**About this task:**
For the material below, reproduce exactly each line from the one that has "3D model Sci Fi Space Helmet Black" through the one that has "Bart's Sandwich Shop", and no others; pictures stay out.

**Input data:**
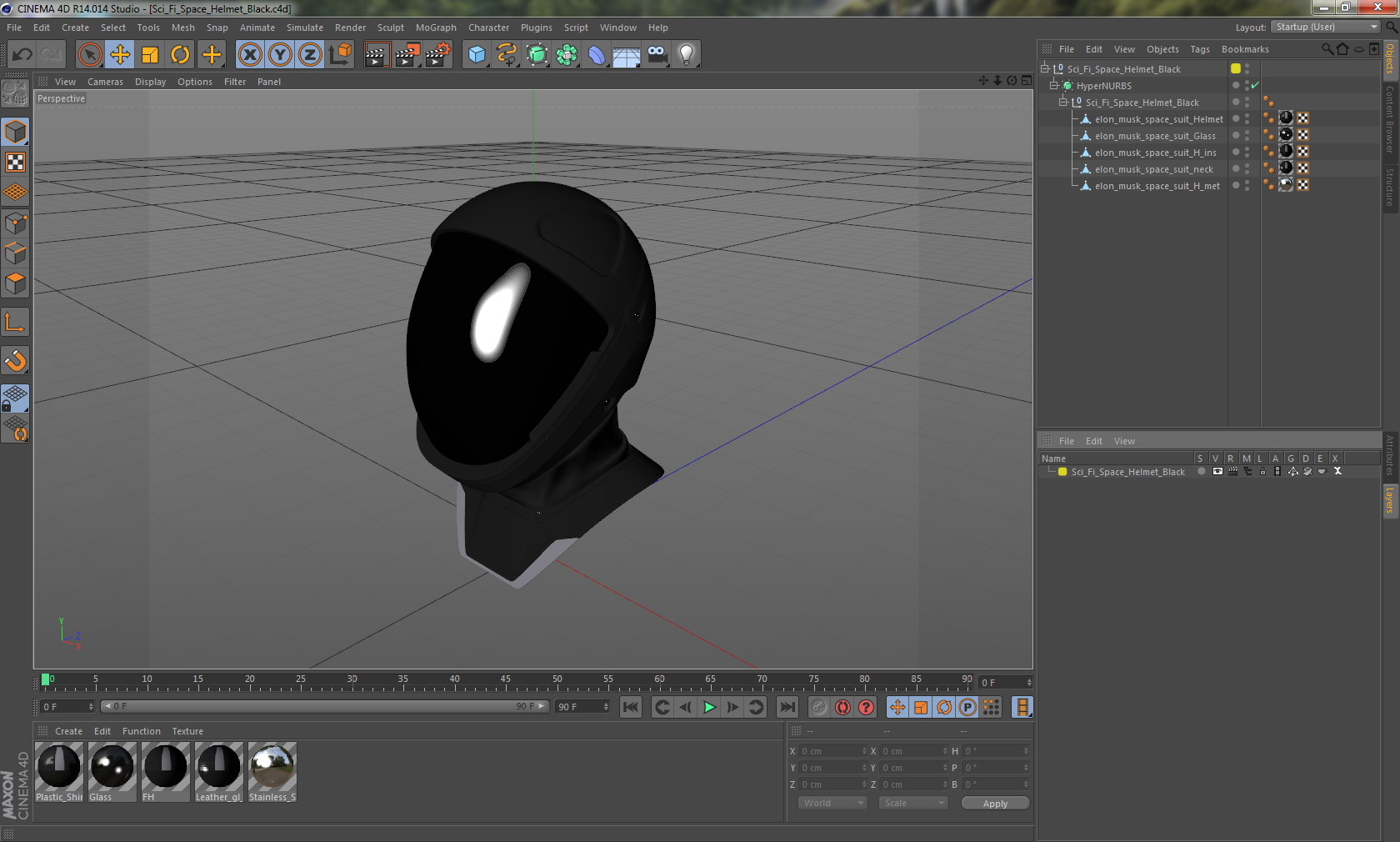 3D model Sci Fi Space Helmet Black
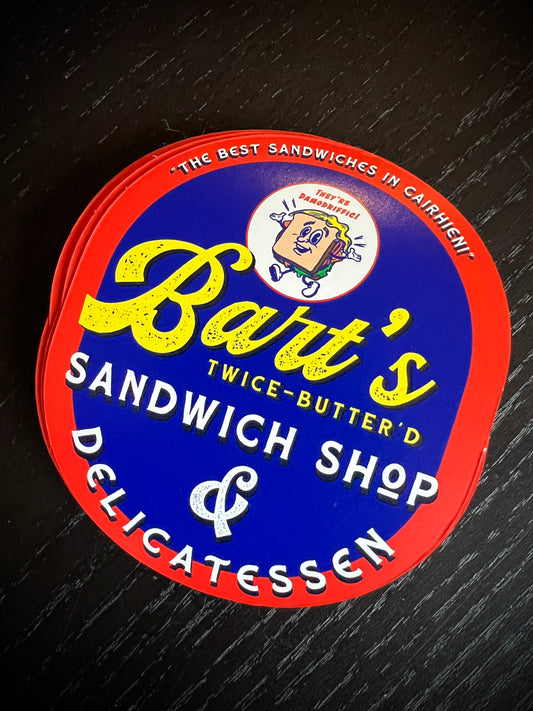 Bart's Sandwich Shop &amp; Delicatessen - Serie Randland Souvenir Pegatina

* * *

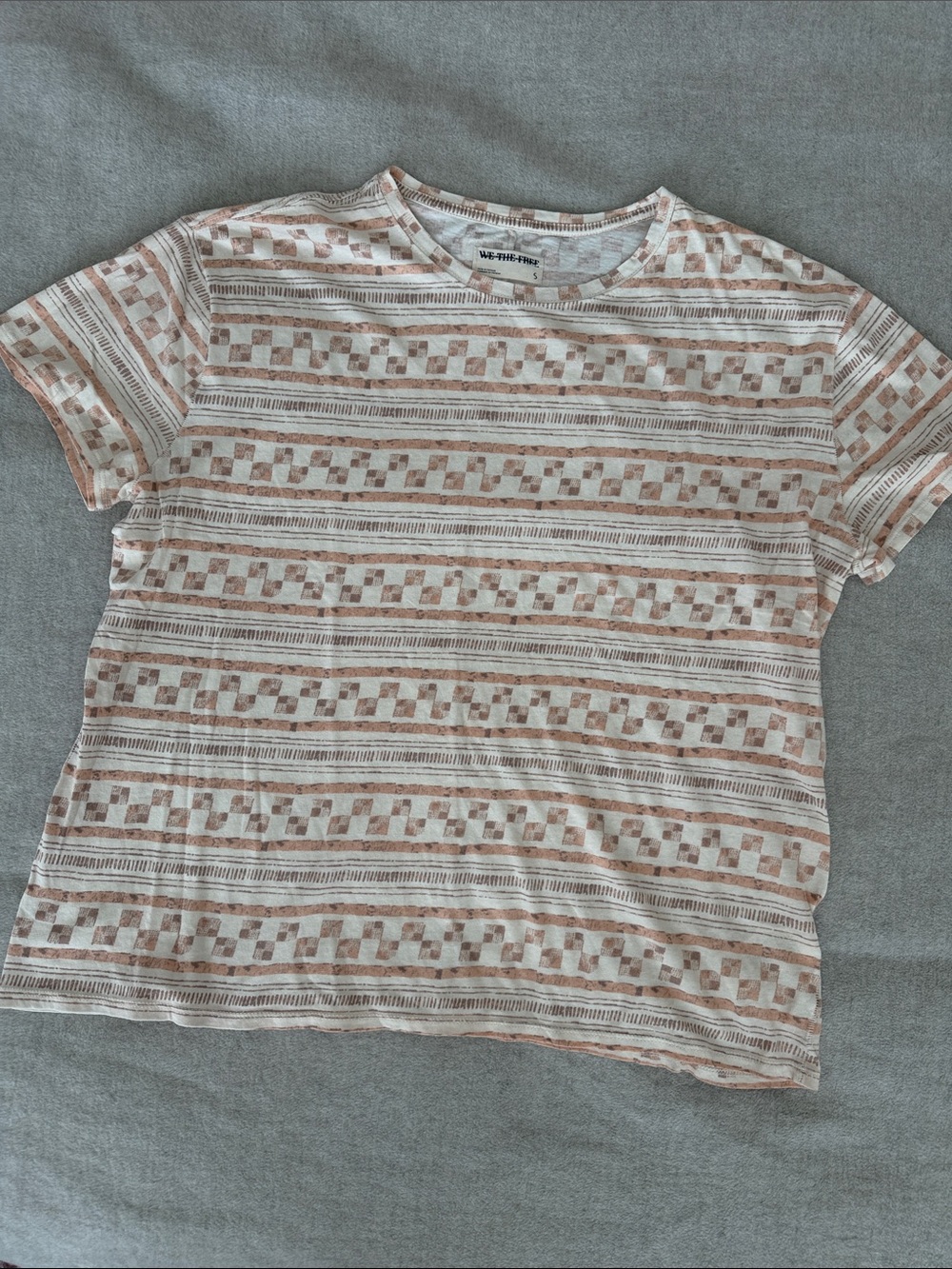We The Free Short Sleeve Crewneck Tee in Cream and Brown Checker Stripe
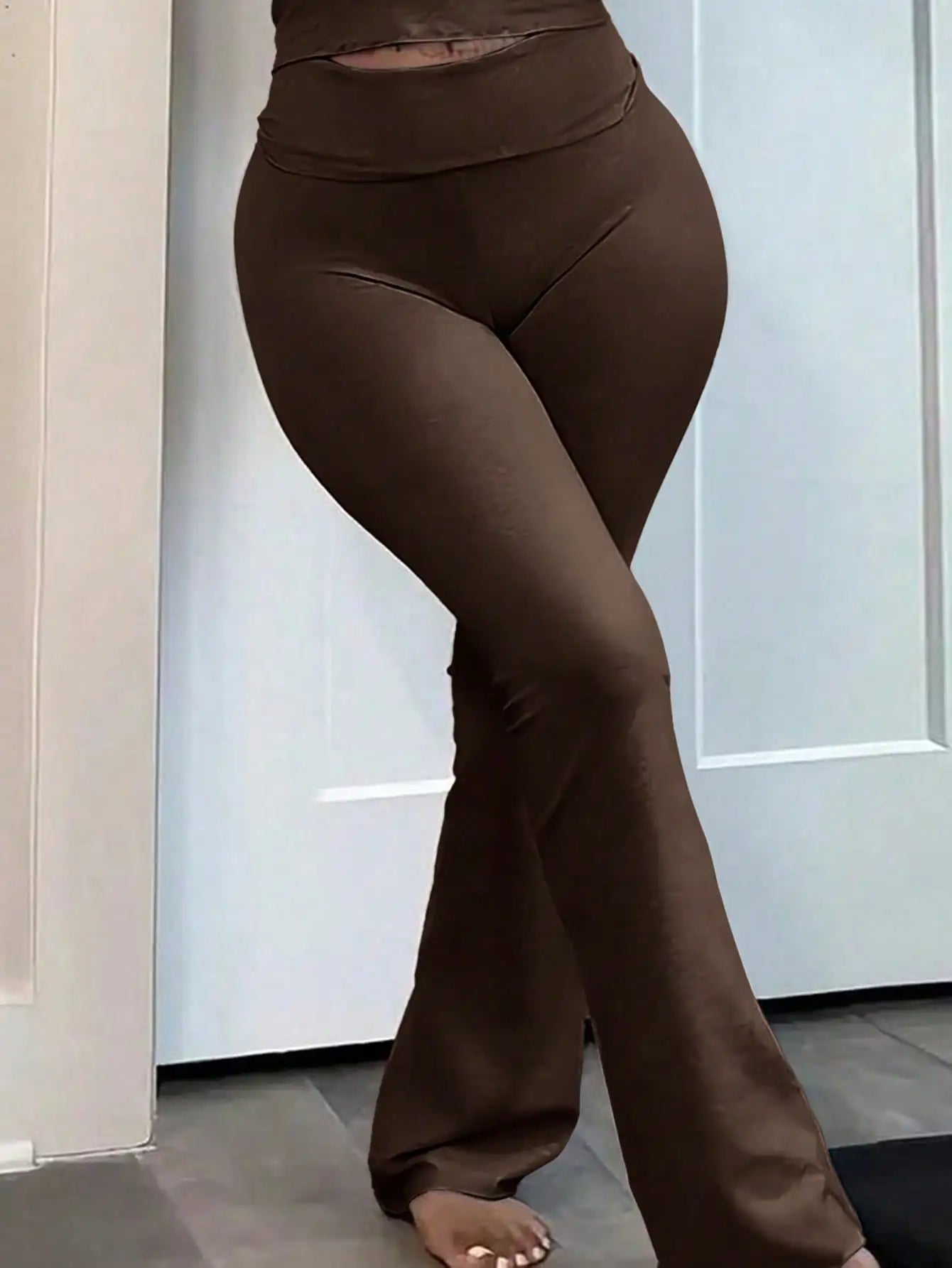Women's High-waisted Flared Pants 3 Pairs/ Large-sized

**Result of this task:**
 3D model Sci Fi Space Helmet Black
 Bart's Sandwich Shop &amp; Delicatessen - Serie Randland Souvenir Pegatina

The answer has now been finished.